7. Analysis, Limitations and Boundaries
The most valuable part of this paper
It takes the problem of "can generated videos be used as robot supervision", which is easy to stay at the conceptual level, and falls on real robots, real tasks and multiple groups of baselines. The most valuable thing is not to prove that Kling v1.6 is good alone, but to prove an executable decomposition: the generative model is responsible for providing visual priors of the task process, VLM is responsible for filtering out obvious failure samples, 6D tracking is responsible for converting the visual process into geometric trajectories, and closed-loop control is responsible for handling real-world disturbances. This link allows the visual knowledge of the generative model to be more solidly connected to the physical execution for the first time.
Why does the result stand?
- The comparison objects cover multiple routes: ReKep's VLM key point constraints, Track2Act's initial and final image point trajectories, AVDC's dense flow, 4D-DPM's feature field, and Gen2Act's generated video point trajectories.
- All baselines use the same generated video, which reduces the deviation caused by "different video sources".
- The paper not only reports the final success rate, but also analyzes video quality, filtering accuracy, depth estimation, point trajectory occlusion, and trajectory jitter of FoundationPose vs MegaPose.
- The main failure mode is consistent with the appendix analysis: when the filtered video is reasonable, the remaining problems mainly come from monocular depth and tracking, rather than a vague "generating model is not good enough".
Main limitations
- Requires object mesh: FoundationPose's main process relies on pre-built object models, which limits full open world deployment.

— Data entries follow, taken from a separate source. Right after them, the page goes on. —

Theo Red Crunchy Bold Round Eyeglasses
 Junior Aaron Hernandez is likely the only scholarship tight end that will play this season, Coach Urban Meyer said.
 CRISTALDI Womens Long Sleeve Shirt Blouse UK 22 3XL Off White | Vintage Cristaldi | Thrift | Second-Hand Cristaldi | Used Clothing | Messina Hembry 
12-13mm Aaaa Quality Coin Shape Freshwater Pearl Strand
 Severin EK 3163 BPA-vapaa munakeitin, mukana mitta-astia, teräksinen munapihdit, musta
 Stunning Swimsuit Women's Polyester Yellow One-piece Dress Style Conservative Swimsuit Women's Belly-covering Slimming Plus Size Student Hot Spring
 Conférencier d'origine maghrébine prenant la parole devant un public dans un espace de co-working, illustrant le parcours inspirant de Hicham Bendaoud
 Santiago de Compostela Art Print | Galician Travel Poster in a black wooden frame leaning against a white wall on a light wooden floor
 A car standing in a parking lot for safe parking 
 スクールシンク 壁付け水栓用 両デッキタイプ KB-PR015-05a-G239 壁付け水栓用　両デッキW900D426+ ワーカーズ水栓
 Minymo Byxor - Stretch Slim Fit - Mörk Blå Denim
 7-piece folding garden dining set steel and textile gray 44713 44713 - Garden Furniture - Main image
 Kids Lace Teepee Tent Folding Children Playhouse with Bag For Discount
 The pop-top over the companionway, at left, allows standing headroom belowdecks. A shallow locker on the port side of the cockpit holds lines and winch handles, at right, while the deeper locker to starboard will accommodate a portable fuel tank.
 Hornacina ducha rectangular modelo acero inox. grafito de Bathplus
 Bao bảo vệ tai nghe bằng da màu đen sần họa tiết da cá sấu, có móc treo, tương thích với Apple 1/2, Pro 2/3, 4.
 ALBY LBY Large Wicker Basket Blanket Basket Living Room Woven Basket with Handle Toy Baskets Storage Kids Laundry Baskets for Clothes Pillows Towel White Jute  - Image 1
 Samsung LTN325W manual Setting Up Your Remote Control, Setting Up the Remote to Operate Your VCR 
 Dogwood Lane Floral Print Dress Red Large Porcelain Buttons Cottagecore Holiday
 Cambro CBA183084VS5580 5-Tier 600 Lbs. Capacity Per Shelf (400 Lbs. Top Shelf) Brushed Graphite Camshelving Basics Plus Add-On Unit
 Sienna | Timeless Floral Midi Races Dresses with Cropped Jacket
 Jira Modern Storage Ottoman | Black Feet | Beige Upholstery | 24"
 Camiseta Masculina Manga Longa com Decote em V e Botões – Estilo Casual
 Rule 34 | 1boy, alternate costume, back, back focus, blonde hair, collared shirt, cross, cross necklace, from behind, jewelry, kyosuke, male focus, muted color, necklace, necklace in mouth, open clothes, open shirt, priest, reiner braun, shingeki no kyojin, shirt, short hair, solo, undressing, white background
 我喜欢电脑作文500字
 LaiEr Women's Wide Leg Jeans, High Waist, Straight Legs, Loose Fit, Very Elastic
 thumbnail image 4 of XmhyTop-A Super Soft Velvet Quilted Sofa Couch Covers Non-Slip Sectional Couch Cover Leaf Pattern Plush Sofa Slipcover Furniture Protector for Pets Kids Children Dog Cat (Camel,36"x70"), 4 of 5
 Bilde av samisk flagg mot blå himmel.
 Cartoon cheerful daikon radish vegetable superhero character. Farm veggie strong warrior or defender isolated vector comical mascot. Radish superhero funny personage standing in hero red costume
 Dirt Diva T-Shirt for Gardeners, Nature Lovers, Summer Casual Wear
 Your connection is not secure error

- Rely on high-quality video generation and filtering: Sora is completely unusable in this article's setup; Kling v1.6 also requires multiple builds and VLM filtering.
- Monocular depth is a hard bottleneck: Scale errors in predicted depth and time flickering will directly lead to trajectory errors.
- The task is still partial to tabletop, single active object: Long-term interaction with multiple objects, flexible objects, strong contact force control, and tasks requiring heavy finger grasping have not yet been fully verified.
- higher cost: The combination of video generation, VLM filtering, mesh pre-construction, and 6D tracking is not lightweight.
- Assessment scale is limited: Four main tasks, 10 videos per source per task, enough to support the paper's claims, but still far from large-scale general-purpose robot operations.
Questions to ask during reading group meetings
- If there is no real initial depth and only generated video and monocular depth, can the trajectory scale be stable?
- VLM filtering is mainly false negative, so is the computational cost and latency of retrying 5 times acceptable?
- Will FoundationPose's mesh pre-building become a new data collection step that's more cumbersome than a real demonstration?
- Most of the current task success criteria are that the final state geometry is satisfied. If the task involves forces, contact sequences or material changes, is it enough to generate video supervision?
- If the future video generation model can directly output depth/3D/4D scenes, which modules of RIGVid will be replaced, and which ideas will be retained?